China seeks tips on how to boost Christianity

What you need to know:

  • Beijing says it has embraced reform policy, allowing religious freedom and barring persecution

China wants to use Kenya to promote Christianity within its borders.

An 11-member delegation from the Far East country led by State for Religious Affairs minister Wang Zuoan is in Kenya to “copy good practices” that could help it grow Christianity.

The delegation, which is on a seven-day visit, will also find ways in which Christians in China can work with Kenyan churches, Mr Wang said.

There are five main religions in China: Buddhism, Taoism, Confucianism, Islam and Christianity.

However, Christians have faced persecution.

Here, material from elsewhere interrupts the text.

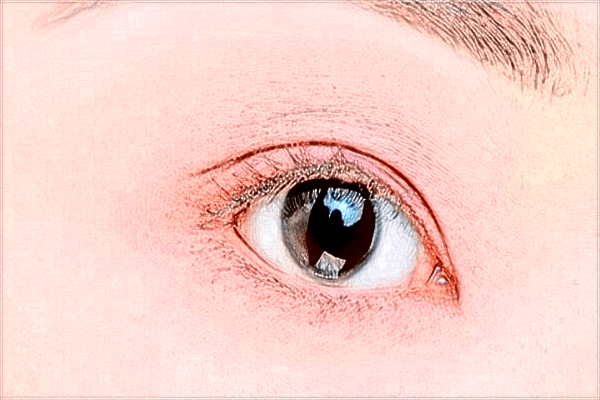 南昌大學(xué)第一附屬醫(yī)院近視激光手術(shù)怎么樣?近視激光手術(shù)價格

The majority of Chinese are Buddhists (66 per cent), while Taoists make up 30 per cent of the population. Christians and Muslims are a minority.

Although Mr Wang put the number of Christians at 23 million, other sources say the figure is more than 40 million as many of them do not want to be known for fear of oppression.

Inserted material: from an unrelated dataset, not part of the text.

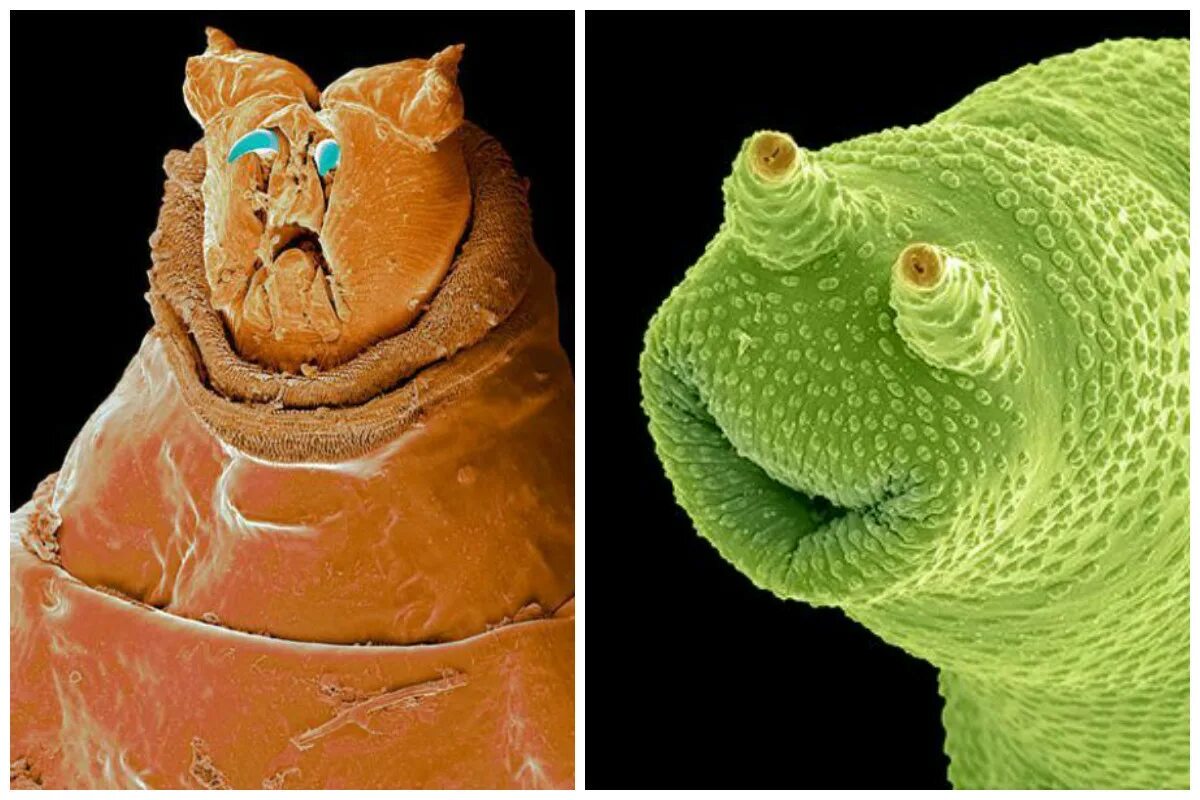 Бактерии на мухе. Морская полихета Nereis sandersi под электронным микроскопом. Личинка коловратки под микроскопом. Микроб Коловратка.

But on Friday, the minister, whose team met Anglican archbishop Eliud Wabukhala, said China had adopted a policy of reform.

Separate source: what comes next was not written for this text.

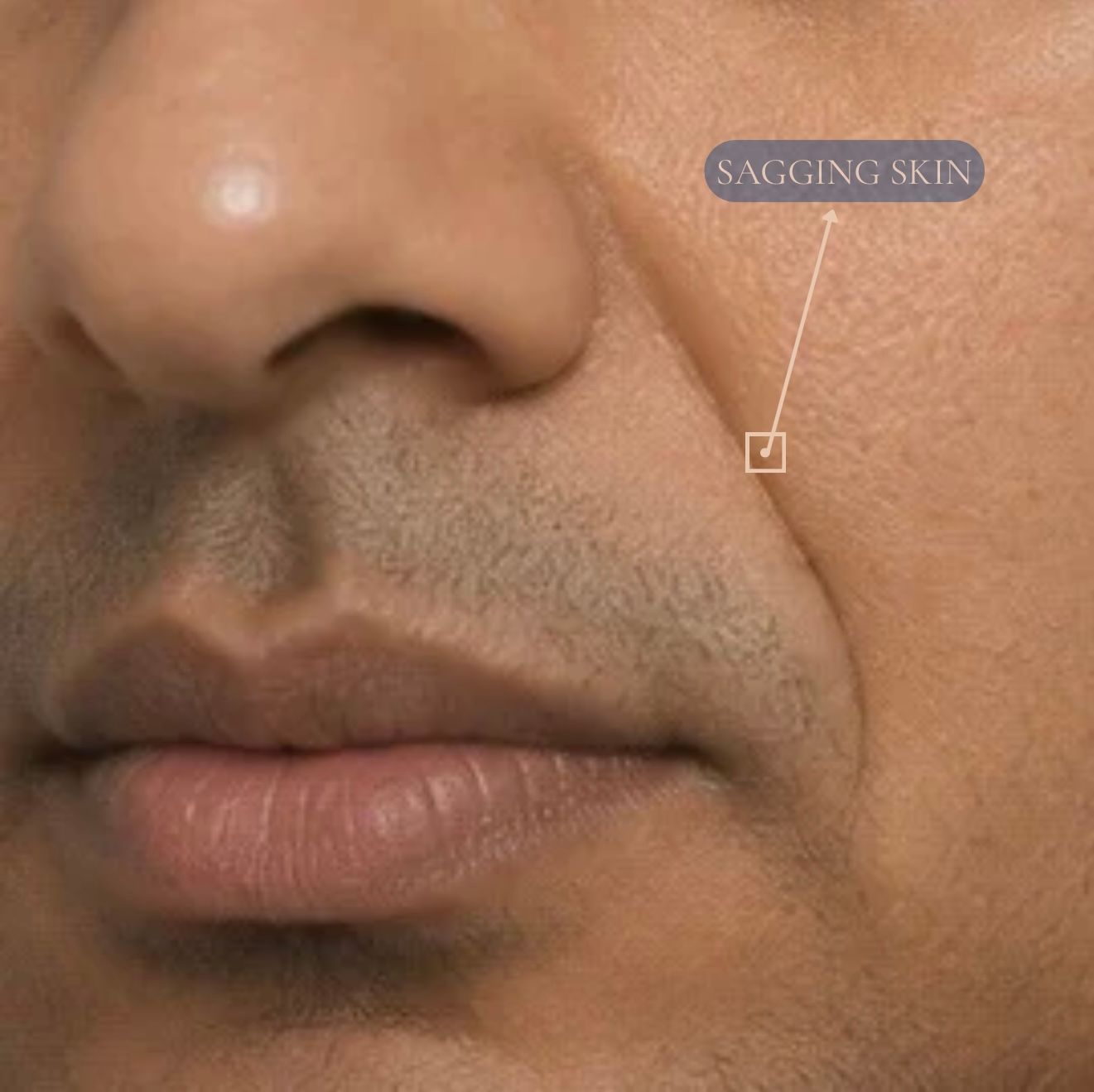 Thread Lift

“We have freedom of religious belief. We used to treat Christians as foreigners but we now treat them as our people. We have come to learn from Kenyans their good practices.

“This is the first religious visit by a Chinese delegation to Kenya. Religion is good for development,” the minister said at Bishop’s Gardens in Nairobi.

The biggest challenge facing Christians in China, he said, was lack of qualified clergy “to preach to the Christians so that they make their contribution to the society”.

Mr Wang said he was happy with the localisation of Anglican Church in Kenya after independence, so that all its bishops are locals.

“We want to enhance relations and cooperation between the Chinese Church and the Kenyan Church,” he said.

The relationship between the church and the government is crucial for development, according to the minister.

Archbishop Wabukhala said he was happy that Christianity was flourishing in China.

“We have noticed a lot of activity between the Chinese Government and Kenya. We were feeling that the spiritual aspect was being left out, but now the minister responsible for religious affairs is here,” Archbishop Wabukhala said.